Does anybody know how to select multiple columns from a pandas DataFrame whose contents meet multiple complex conditions? For example, the columns I'm trying to select MUST contain at least one instance of the integers 1 through 4 and MAY contain np.nan but CANNOT contain any other integers (below 1 or above 4) or datatypes.
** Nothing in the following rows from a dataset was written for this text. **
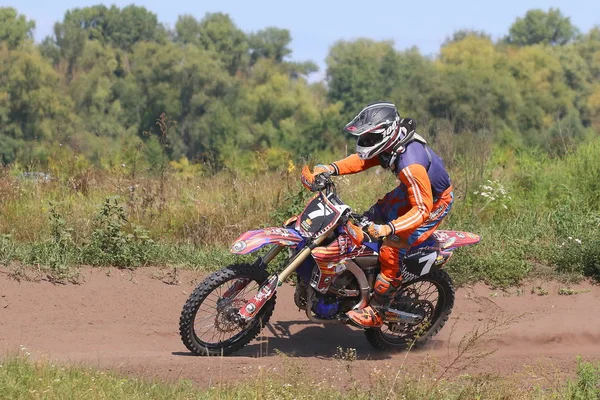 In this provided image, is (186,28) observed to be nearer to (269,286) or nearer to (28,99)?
(28,99)

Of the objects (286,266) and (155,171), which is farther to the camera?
(155,171)

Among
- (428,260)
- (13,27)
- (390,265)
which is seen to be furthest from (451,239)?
(13,27)

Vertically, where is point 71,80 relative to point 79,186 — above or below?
above

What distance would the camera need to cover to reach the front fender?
7.61 metres

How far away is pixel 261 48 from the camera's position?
112m

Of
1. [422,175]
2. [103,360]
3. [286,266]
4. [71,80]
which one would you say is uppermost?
[71,80]

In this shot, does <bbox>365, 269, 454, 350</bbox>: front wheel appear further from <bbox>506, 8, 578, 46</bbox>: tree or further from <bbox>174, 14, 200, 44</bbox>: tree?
<bbox>506, 8, 578, 46</bbox>: tree

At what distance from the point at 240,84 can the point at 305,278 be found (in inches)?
2866

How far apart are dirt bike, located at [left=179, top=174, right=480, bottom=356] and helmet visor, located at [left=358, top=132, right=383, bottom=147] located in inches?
16.8

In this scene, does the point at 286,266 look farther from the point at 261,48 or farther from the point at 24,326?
the point at 261,48

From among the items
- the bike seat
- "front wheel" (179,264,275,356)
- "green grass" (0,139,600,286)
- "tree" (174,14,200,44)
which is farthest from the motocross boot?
"tree" (174,14,200,44)

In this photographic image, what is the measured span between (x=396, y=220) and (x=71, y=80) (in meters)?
67.4

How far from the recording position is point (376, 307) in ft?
27.4

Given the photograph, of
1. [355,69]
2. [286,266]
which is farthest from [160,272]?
[355,69] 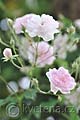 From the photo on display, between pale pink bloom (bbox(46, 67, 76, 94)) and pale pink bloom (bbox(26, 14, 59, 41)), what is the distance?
0.08 m

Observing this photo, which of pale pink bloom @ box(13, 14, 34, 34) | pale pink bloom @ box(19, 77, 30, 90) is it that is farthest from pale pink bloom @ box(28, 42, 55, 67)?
pale pink bloom @ box(19, 77, 30, 90)

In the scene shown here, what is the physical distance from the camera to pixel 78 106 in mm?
1224

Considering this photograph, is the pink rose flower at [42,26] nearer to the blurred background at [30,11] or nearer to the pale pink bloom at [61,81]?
the pale pink bloom at [61,81]

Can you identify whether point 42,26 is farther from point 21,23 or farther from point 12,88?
point 12,88

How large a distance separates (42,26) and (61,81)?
129 millimetres

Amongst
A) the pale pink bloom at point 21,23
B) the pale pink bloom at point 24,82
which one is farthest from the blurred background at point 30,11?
the pale pink bloom at point 21,23

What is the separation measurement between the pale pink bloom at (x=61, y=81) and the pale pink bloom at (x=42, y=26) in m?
0.08

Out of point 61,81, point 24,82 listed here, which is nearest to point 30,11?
point 24,82

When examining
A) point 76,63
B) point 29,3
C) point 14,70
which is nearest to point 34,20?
point 76,63

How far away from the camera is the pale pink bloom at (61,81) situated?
3.37 feet

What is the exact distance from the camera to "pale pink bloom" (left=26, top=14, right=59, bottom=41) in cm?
106

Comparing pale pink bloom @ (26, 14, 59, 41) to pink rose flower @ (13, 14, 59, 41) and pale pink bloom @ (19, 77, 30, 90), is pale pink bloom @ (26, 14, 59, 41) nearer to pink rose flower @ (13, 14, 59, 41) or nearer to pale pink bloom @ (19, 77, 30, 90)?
pink rose flower @ (13, 14, 59, 41)

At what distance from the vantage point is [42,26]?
3.51 feet

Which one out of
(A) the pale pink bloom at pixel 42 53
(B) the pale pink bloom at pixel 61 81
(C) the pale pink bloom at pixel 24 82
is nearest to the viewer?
(B) the pale pink bloom at pixel 61 81
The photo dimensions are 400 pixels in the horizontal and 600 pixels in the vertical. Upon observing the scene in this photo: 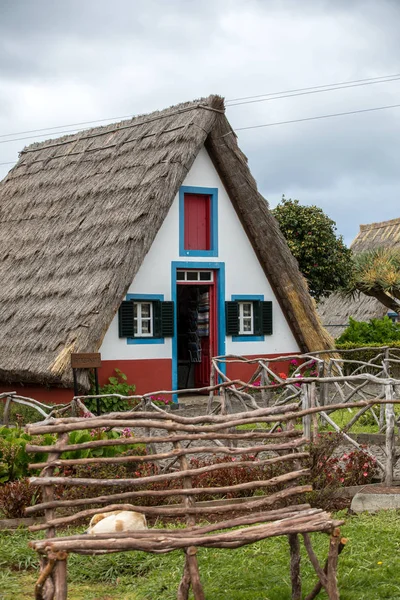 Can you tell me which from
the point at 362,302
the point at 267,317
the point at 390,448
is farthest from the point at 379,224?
the point at 390,448

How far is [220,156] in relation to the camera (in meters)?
18.3

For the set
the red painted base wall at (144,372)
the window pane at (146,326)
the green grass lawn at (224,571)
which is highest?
the window pane at (146,326)

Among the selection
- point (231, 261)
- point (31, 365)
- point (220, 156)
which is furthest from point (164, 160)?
point (31, 365)

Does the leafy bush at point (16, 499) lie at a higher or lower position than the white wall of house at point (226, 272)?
lower

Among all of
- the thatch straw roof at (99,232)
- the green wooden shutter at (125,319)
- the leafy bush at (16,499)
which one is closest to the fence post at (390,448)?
the leafy bush at (16,499)

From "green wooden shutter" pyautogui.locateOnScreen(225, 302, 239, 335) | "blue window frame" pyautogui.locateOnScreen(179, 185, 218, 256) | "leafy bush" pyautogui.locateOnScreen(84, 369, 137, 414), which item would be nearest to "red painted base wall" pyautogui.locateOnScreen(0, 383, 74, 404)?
"leafy bush" pyautogui.locateOnScreen(84, 369, 137, 414)

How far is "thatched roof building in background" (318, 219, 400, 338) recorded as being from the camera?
30.5 meters

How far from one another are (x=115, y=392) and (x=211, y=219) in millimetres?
4211

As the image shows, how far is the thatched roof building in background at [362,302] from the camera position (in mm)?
30484

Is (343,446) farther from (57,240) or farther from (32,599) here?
Answer: (57,240)

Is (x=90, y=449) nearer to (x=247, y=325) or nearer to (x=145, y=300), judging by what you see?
(x=145, y=300)

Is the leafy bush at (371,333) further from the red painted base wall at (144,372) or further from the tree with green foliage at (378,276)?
the red painted base wall at (144,372)

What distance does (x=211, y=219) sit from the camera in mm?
18406

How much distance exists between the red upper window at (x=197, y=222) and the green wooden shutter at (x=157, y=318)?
1347 millimetres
I know I can do this by executing many lines of code in a row, but I'm hoping to find a better solution (especially one that will catch outside cases).
Example:
# import packages
import pandas as pd
import numpy as np
# Initialize list of lists
data = [[1, 4, 3, 5], [2, np.nan, 1, 3], [4, 3, 2, 1], [3, 3, 1, 4]]
# Create the pandas DataFrame
df = pd.DataFrame(data, columns=['A', 'B', 'C', 'D'])
print(df)
Output:
A B C D
0 1 4.0 3 5
1 2 NaN 1 3
2 4 3.0 2 1
3 3 3.0 1 4
Execute many statements or some optimized code to fulfill above conditions
df = df.select_dtypes(include='number')
df = df.loc[:,[(df[col] == 1).any() for col in df.columns]]
df = df.loc[:,[(df[col] == 2).any() for col in df.columns]]
df = df.loc[:,[(df[col] == 3).any() for col in df.columns]]
df = df.loc[:,[(df[col] == 4).any() for col in df.columns]]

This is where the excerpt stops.